I’ll have to bump the major version again since these are breaking changes.

I have 6 methods and 1 enum which take &strs represending a path or path and filename. In theory all of them could take a Path. I tend to avoid Path because I find Path and PathBuf hard to work with. Is it possible to have a signature that will take either a &str or a Path — and if so which is the form one would store as, String or PathBuf?

0 Likes

#13

I’d use AsRef<Path> which does what you want, b you can a &str or a &Path or &String or &PathBuf. See as an example Command::current_dir. You would then store an owned path-like thing as a PathBuf or if you wanted to mess with it an OsString.

0 Likes

#14

OK, I’ll try that.

BTW I notice that env! reads the environment at compile time, so shouldn’t I use std::env::var instead since that works at runtime? (I’m not clear on your use case so not sure which I need.)

0 Likes

#15

I’m having a problem with CARGO_TARGET_DIR. The application to test may or may not be a rust executable, so I can’t just prepend the Test.app with env::var("CARGO_TARGET_DIR") because that breaks tests of other things (e.g., I use retest to test Python apps).
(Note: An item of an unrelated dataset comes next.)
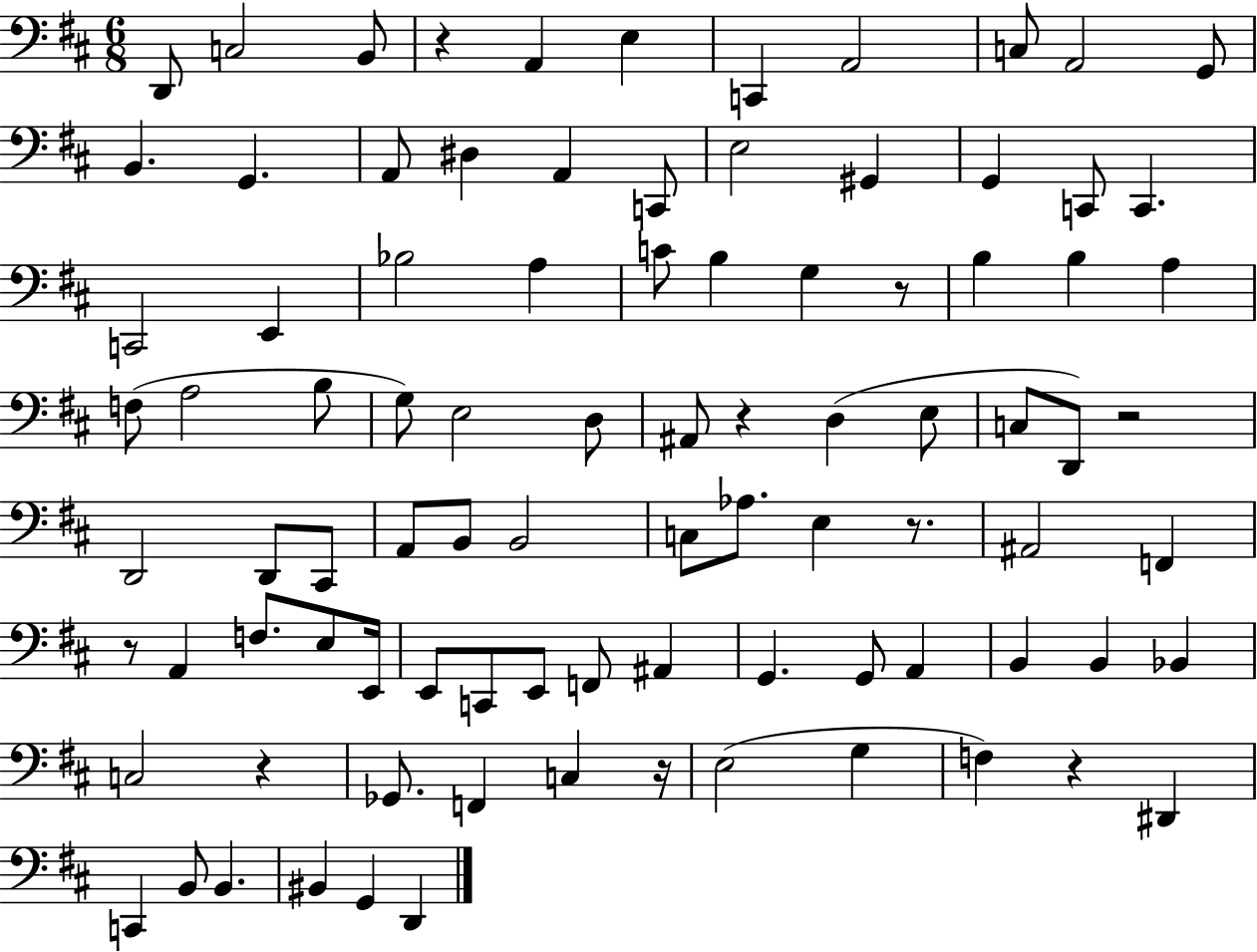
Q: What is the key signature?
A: D major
One possible solution would be to have a Test::app_path() method to which users could pass, say, env!("CARGO_TARGET_DIR"), but which is empty by default. What do you think?

I’ve now got rid of $OUT_PATH from Test::stdout(). I’ve added the Plan::apply() method. And I’ve merged PlanBuilder into Plan (and thus eliminated PlanBuilder). None of this is released yet — will do so once the next bit is done.

Next I’ll try switching all path-accepting methods to using AsRef<Path> as you suggested.

0 Likes

#16

I’ve now released retest 3.0.0 which I believe incorporates all of the feedback you gave:

  • There’s now a Plan::appy() method that will generate or retest depending on the RETEST_GENERATE environment variable;
  • both TestBuilder and PlanBuilder have gone, with their builder methods merged into Plan and Test;
  • if Test::stdout() is used to specify a filename for capturing the application to test’s stdout, no path is needed: it will be prepended with the expected path when generating or with the actual path when retesting;
  • you can now make retest prepend every Test's application to test with a path from an environment variable (such as CARGO_TARGET_DIR) using Plan::app_path_env_var();
  • every method that took a &str filename or path now takes an AsRef<Path> as you suggested.

I also took the opportunity to do many other improvements, some user visible (a few new methods, some renamings, better docs), but most under the hood.

1 Like

#17

I guess I’m a little late in responding, but this misses what I meant to suggest, which was to add env!("CARGO_TARGET_DIR" to the PATH, not to prepend it to the path of the executable. This it wouldn’t interfere with calling any Python scripts unless you have a rust executable with the same name. Your function to specify an environment variable misses the point, since it results in the same amount of boilerplate as not having this feature. Still, it’s not that much boilerplate…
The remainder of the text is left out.